Migrating my question from github
I’m trying to find the complex powers using numba cuda, and it seems that it has been supported, but for some reason, my code doesn’t run. I’ve implemented my algorithm in CUDA and CPU, Ideally the plots should be the same. I’ve tried this with real numbers and things do work. Open to any suggestions
import numpy as np
import matplotlib.pyplot as plt
import time, math
from matplotlib.colors import hsv_to_rgb
from numba import cuda, jit, prange
@cuda.jit
def get_grid_cuda(Z):
i, j = cuda.grid(2)
if i >=0 and i < Z.shape[0] and j >=0 and j < Z.shape[1]:
for i in range(200):
fx=Z[i,j]**3+Z[i,j]**2+Z[i,j]+1
dfx=3*Z[i,j]**2+2*Z[i,j]+1
div=fx/dfx
Z[i,j]=Z[i,j]-div
if(abs(div)<1e-3):
break
@jit(nopython=True)
def NewtonR(x):
for i in range(100):
fx=x**3+x**2+x+1
dfx=3*x**2+2*x+1
div=fx/dfx
x=x-div
if(abs(div)<1e-3):
break
return x
@jit(nopython=True, parallel=True)
def get_grid(Z):
for i in prange(len(Z)):
for j in prange(len(Z[0])):
Z[i,j]=NewtonR(Z[i,j])
return Z
x=np.linspace(-1,1,512,dtype=complex)
xj=np.linspace(-1j,1j,512,dtype=complex)
xx,yy=np.meshgrid(x,xj)
X=xx+yy
Z=np.copy(X)
Z_cpu=np.copy(X)
threadsperblock = (16, 16)
blockspergrid_x = math.ceil(Z.shape[0] / threadsperblock[0])

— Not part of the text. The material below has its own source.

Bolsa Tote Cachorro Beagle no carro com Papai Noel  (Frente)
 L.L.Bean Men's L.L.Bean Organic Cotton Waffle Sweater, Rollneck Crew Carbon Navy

blockspergrid_y = math.ceil(Z.shape[1] / threadsperblock[1])
blockspergrid = (blockspergrid_x, blockspergrid_y)
get_grid_cuda[blockspergrid, threadsperblock](Z)
Z_cpu=get_grid(Z_cpu)
plt.contourf(X.real,X.imag,Z,levels=30)
plt.show()
plt.close()
plt.contourf(X.real,X.imag,Z_cpu,levels=30)
plt.show()
plt.close()